Una risposta sbagliata alle domande inascoltate
sabato 20 giugno 2020

«Ho provato un grande dolore arrestando quei ragazzi ventenni. Lo dovevo fare ma avevo davanti due giovani vite già segnate. E ho provato a guardare dietro al reato. Lo dico anche da credente ». Così mi ha confessato pochi giorni fa un bravo investigatore romano, dopo l’arresto di tre giovanissimi che avevano messo in piedi un’efficientissima organizzazione di consegne a domicilio di cocaina. Tre criminali, sicuramente, con non pochi precedenti malgrado la giovanissima età. Ma anche tre vite dalla strada quasi obbligata. Un quartiere simbolo di degrado e illegalità (a torto e a ragione), genitori sicuramente non esempio di vita, tra carcere e spaccio. Un padre morto troppo presto. E poi la droga, e i soldi apparentemente facili che ti riempiono le tasche.

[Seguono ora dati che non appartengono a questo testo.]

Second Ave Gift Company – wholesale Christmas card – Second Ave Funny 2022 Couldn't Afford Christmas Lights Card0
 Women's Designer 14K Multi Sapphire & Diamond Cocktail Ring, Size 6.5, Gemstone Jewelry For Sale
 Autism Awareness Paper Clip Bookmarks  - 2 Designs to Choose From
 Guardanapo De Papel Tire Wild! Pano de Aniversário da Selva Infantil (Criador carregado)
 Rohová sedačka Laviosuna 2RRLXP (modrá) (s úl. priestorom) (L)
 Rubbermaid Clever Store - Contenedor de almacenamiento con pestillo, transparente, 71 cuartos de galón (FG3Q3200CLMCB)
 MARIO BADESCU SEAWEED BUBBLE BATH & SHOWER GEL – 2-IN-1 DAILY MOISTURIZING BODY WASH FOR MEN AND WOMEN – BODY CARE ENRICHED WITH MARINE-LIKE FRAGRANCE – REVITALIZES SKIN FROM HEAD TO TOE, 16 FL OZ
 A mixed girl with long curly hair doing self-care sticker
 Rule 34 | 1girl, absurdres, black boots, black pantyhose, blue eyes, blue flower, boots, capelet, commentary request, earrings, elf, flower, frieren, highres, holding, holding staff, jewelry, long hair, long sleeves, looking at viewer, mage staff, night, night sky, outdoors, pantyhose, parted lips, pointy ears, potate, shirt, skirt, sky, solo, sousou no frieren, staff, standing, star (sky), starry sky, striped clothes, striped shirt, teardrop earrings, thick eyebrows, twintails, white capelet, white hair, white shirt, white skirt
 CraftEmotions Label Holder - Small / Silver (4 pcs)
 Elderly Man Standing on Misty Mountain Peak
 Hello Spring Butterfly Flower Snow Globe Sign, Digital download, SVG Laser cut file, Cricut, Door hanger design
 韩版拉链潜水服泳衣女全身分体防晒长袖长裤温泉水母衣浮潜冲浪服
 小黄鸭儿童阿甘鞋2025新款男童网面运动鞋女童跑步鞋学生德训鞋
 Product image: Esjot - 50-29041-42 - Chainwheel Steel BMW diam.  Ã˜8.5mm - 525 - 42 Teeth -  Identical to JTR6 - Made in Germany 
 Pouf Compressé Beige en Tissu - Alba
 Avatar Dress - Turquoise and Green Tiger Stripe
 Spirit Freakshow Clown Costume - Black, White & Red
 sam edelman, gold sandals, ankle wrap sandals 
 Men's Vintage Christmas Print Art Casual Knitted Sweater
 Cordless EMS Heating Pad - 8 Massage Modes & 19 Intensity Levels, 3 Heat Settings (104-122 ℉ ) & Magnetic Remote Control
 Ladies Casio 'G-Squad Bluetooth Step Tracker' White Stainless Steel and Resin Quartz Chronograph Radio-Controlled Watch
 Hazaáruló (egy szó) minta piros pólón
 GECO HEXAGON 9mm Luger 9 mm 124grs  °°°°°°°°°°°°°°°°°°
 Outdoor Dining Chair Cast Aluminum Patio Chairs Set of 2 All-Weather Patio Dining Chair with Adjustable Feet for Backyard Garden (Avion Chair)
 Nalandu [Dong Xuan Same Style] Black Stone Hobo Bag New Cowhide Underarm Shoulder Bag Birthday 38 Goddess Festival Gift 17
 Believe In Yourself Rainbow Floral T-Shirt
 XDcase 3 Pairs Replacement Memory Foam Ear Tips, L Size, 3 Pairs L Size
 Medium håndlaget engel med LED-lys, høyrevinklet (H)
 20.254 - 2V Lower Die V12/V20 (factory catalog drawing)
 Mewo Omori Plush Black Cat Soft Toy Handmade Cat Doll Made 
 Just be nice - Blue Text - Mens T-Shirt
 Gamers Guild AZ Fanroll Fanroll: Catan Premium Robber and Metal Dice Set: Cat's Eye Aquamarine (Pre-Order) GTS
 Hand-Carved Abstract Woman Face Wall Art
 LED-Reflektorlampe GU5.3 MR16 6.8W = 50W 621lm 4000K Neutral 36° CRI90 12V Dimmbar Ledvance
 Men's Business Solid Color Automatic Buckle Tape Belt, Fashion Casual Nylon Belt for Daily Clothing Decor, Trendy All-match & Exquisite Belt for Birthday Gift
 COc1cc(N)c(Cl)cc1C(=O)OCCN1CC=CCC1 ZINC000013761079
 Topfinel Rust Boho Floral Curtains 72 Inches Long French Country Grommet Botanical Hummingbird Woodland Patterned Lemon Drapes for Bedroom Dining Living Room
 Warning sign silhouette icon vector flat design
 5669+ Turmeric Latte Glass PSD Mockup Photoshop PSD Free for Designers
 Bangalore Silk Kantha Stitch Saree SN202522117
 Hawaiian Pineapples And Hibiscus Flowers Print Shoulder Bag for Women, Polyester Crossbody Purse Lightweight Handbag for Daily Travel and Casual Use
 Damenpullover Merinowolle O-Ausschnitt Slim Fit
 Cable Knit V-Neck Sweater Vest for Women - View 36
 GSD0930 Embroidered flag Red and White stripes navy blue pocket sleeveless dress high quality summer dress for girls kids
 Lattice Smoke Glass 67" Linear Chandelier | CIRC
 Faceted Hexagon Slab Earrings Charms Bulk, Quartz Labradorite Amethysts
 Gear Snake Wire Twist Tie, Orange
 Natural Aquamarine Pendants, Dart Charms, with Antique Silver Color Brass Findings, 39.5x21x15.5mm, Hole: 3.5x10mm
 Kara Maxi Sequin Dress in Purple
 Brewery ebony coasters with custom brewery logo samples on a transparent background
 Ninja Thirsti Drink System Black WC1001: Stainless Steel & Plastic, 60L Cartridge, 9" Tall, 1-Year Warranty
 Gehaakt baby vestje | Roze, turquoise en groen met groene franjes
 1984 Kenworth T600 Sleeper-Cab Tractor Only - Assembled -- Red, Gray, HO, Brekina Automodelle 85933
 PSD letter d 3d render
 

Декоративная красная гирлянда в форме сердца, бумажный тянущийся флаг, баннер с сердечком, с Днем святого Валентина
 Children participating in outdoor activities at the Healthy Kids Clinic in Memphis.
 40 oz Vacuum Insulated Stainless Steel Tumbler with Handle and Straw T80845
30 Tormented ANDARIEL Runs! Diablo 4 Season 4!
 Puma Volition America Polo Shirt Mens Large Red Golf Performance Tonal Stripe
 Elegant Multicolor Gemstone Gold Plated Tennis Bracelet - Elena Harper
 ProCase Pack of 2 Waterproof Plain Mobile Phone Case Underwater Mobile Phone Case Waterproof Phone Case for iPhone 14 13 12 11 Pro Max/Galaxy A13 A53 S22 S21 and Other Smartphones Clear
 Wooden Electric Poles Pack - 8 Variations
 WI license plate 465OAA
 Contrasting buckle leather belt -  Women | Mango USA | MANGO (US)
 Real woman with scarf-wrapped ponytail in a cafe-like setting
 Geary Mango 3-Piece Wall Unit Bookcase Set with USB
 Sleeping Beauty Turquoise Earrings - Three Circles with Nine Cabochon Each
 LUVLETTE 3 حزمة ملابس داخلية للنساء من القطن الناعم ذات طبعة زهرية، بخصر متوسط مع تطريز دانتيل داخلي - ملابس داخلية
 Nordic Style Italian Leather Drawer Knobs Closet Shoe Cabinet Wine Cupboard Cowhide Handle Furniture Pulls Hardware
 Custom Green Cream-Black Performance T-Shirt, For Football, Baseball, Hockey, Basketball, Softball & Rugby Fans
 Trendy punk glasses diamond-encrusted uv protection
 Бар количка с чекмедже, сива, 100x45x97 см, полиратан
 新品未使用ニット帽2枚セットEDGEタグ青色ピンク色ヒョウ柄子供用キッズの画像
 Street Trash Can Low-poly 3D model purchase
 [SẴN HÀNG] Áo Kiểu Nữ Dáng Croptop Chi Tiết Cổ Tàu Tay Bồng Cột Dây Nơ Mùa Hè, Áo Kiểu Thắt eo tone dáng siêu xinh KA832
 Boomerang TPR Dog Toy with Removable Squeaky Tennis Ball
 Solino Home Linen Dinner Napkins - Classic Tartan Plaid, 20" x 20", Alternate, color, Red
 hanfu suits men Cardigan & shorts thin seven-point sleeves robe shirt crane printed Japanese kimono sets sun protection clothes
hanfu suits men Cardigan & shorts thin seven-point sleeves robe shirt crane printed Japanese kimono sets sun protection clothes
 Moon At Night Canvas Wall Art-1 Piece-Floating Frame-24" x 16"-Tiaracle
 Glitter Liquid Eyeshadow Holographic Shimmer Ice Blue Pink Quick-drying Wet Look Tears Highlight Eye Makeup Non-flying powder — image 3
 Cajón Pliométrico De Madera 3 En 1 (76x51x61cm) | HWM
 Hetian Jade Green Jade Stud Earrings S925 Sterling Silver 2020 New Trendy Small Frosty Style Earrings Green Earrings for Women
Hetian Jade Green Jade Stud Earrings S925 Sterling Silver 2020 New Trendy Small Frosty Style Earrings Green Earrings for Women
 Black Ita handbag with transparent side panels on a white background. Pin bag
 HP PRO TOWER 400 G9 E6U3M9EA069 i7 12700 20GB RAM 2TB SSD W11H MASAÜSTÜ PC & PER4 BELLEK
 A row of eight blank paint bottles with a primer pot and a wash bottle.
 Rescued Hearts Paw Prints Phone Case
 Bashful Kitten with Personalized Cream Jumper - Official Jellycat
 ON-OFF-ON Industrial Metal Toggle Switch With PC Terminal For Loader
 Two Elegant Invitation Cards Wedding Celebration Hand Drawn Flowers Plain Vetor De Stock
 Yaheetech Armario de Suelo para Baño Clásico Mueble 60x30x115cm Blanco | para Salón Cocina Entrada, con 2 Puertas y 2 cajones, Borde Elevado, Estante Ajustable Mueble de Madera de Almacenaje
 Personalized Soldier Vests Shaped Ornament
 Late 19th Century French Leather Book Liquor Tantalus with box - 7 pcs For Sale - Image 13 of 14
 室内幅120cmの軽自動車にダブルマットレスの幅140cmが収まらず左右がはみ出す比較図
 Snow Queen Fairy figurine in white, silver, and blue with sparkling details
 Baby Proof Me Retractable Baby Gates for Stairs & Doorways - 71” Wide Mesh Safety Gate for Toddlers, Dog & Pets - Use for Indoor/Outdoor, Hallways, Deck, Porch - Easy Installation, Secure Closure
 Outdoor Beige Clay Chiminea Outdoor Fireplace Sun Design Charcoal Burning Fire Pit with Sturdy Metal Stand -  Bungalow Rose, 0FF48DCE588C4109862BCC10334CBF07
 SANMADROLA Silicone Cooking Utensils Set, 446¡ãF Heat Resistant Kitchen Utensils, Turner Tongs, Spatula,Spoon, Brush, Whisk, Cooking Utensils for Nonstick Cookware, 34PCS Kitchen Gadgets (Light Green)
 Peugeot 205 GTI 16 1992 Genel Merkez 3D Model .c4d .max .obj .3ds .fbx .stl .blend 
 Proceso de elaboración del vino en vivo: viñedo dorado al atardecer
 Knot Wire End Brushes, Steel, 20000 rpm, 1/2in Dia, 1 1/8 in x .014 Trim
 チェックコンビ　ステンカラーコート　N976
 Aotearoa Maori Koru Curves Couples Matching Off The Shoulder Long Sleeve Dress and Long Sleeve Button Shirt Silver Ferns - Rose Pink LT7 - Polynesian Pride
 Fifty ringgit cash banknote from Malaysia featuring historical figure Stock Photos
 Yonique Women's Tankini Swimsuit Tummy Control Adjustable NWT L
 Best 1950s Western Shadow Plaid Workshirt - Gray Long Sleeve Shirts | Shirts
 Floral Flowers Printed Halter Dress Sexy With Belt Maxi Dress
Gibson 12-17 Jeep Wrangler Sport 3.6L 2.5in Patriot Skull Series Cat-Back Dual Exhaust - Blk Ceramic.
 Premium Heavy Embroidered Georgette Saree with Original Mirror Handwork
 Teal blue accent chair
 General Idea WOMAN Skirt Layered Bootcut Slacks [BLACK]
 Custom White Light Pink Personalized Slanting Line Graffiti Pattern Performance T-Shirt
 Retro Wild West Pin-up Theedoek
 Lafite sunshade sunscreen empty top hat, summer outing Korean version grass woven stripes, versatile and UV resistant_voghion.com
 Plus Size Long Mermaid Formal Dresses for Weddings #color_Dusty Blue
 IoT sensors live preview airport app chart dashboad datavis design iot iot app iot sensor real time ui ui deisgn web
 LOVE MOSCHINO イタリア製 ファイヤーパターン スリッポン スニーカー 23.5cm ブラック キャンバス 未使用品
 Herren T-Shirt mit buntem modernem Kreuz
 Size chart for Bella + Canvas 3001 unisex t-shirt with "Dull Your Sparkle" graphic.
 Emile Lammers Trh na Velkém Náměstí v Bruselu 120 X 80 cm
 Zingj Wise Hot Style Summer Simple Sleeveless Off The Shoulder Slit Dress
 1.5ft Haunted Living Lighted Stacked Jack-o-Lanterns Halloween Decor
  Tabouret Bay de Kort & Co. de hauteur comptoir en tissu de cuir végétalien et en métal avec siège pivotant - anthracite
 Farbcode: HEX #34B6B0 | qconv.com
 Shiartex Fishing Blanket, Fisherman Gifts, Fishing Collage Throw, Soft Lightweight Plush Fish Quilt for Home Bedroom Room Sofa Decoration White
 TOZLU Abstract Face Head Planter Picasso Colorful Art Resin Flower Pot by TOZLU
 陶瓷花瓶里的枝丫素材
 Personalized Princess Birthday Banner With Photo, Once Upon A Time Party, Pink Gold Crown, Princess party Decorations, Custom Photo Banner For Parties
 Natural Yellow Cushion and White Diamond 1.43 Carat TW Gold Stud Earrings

Boss ragazzini. Capaci di vendere. Tanto. In tutta la città. In modo spregiudicato, addirittura sorprendente per inclinazione a delinquere. E che si erano inventati un sistema di spaccio coi pony express. Che funzionava alla grande, anche perché tanti comprano. E in un mercato gigantesco come quello della Capitale, c’è posto per potenti gruppi mafiosi e per poco più che imberbi ragazzi. Una città ridotta a terreno di affari sporchi, dove molti sono tentati di entrare. Terreno ricco e minato, come ci ricorda la drammatica vicenda dell’omicidio del non meno giovane Luca Sacchi. Terreno per neofiti e per chi ha quasi il percorso già deciso.

«E che altro potevano fare? Qualcuno li ha aiutati?», si domanda ancora l’investigatore fuori da ogni ragionamento poliziesco. Già. Roma sembra non capire: allontana, ignora, nega questo mondo criminale sempre più pervasivo e giovanile. Nascosto, ma ben noto. Per chi vuol vedere. Mafia, certo, e non solo. Già riconoscerne l’esistenza sarebbe un primo passo. La droga, lo spaccio, non sono frutto di alieni, di mafiosi importati, ma cosa nostra, figli nostri, di questa città. Non basta l’impegno di magistrati e investigatori, pur se attenti e sensibili. Arriva sempre dopo, a cocci rotti. Blocca, arresta sequestra. Ma poi, malgrado il dettato costituzionale, il carcere non aiuta certo a recuperare quelle giovani vite. Blocca (per un po’) il reato, non cambia la vita. Tranne pochissimi casi. Anzi molto più spesso è 'medaglia al valore' e 'scuola'. Criminale, ovviamente.

Serve un 'prima' positivo. Ma cosa ha offerto quel quartiere ai tre giovani baby criminali? Quali proposte, quali valori, quali facce credibili, quali luoghi accoglienti? Ed è davvero l’ineluttabile destino di chi nasce e cresce in ambienti criminali, sia grandi che piccoli? L’esperienza di Reggio Calabria, il protocollo 'Liberi di scegliere' che vede coinvolti il Tribunale dei minori, Cei, Libera, ministeri della Giustizia e dell’Istruzione, dice che un’altra storia è possibile e che c’è - e può essere offerta - un’opportunità per cambiare. Tant’è che la risposta c’è stata. Da parte di minori e di donne. Mamme, capaci di rompere gli schemi e di 'tradire' la malavita per salvare i figli. Storie di ’ndrangheta (ma ne arrivano anche dalla Puglia e dalla Sicilia). Di quella mafia chiusa e violenta, che cresce i figli per un futuro già deciso. Eppure il percorso di salvezza e di rinascita sta funzionando. Nulla è perduto, niente è già deciso, per nessuno. Un’esperienza da esportare? Forse. Certo conferma che anche nei territori più difficili, è possibile cambiare. Ma serve investire in case (non tanto mura, quanto posti di vita vera), in educazione e cultura (scuole ma non solo), in lavoro, non nero e sottopagato, non dequalificato, clientelare e senza dignità. Servono persone capaci di ascoltare, capire, condividere, proporre... Non sterili e moralistiche chiacchiere sul 'non fare qui, non fare là', ma fatti concreti. Che costruiscono insieme un presente e un futuro diversi. Un’alternativa vera, da sognare e realizzare. Altrimenti i soldi facili della droga, anche se magari per poco tempo, saranno l’unica e semplice risposta. Di una vita senza futuro. Poi toccherà agli investigatori. Lo faranno come sempre con professionalità, anche se 'con dolore'. Sapendo bene che c’è già pronto qualcun altro, magari ancor più giovane, a imboccare la strada. Quella della bianca illusione della coca, risposa facile e sbagliata alle domande inascoltate.